Tea Party Losing The Battle? Maybe Not ...

Click here for Digby's article at Salon entitled "Tea Party’s horrifying cousin: Here comes 'constitutional conservatism,'” subtitled "The sad club of dupes known as the Tea Party is not the real problem. This scary ideological undercurrent might be."

She quotes Ed Kilgore at Talking Points Memo:
Yesterday’s winner Pat Roberts, who already sported lifetime ratings of 86 percent from both the American Conservative Union and Americans for Prosperity, went far out of his way to propitiate the ideological gods of movement conservatism as he fought for reelection. He voted against an appropriations measure that included a project he had long sought for his alma mater, Kansas State University, and opposed a UN Treaty banning discrimination against people with disabilities over the objections of his revered Kansas Senate predecessors Bob Dole and Nancy Kassebaum.

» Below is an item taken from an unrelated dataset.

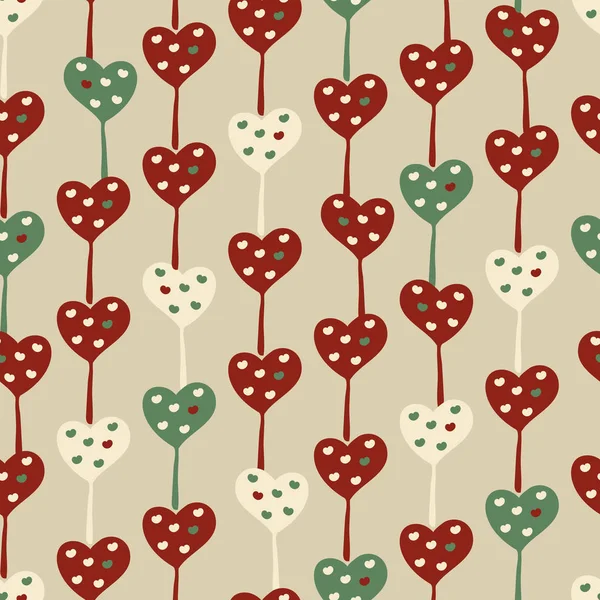Motif vectoriel sans couture avec des lillipops en forme de coeur dans des couleurs rétro — Image vectorielle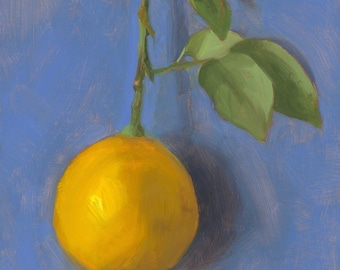 Artist print on canvas, original oil painting Lemon with leaves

Kilgore also pointed out in his blog at Washington Monthly on the eve of the Obama/Romney election:
Yes, years from now conservatives will sit around campfires and sing songs about the legendary internecine battles of late 2012, when father fought son and brother fought brother across a chasm of controversy as to whether 98% or 99% of abortions should be banned; whether undocumented workers should be branded and utilized as “guest workers,” loaded onto cattle cars and shipped home, or simply immiserated; whether the New Deal/Great Society programs should be abolished in order to cut upper-income taxes or abolished in order to boost Pentagon spending. There’s also a vicious, take-no-prisons fight over how quickly to return the role of the federal government in the economy to its pre-1930s role as handmaiden to industry. Blood will flow in the streets as Republicans battle over how to deal with health care after Obamacare is repealed and 50 million or people lose health insurance. Tax credits and risk pools or just “personal responsibility?”
In short, there's no cause for liberals to be jubilant at the apparent rout of the tea party crowd in the 2014 primaries; they've won by pushing Republican mainstream political thought so far to the right it cannot possibly be called moderate.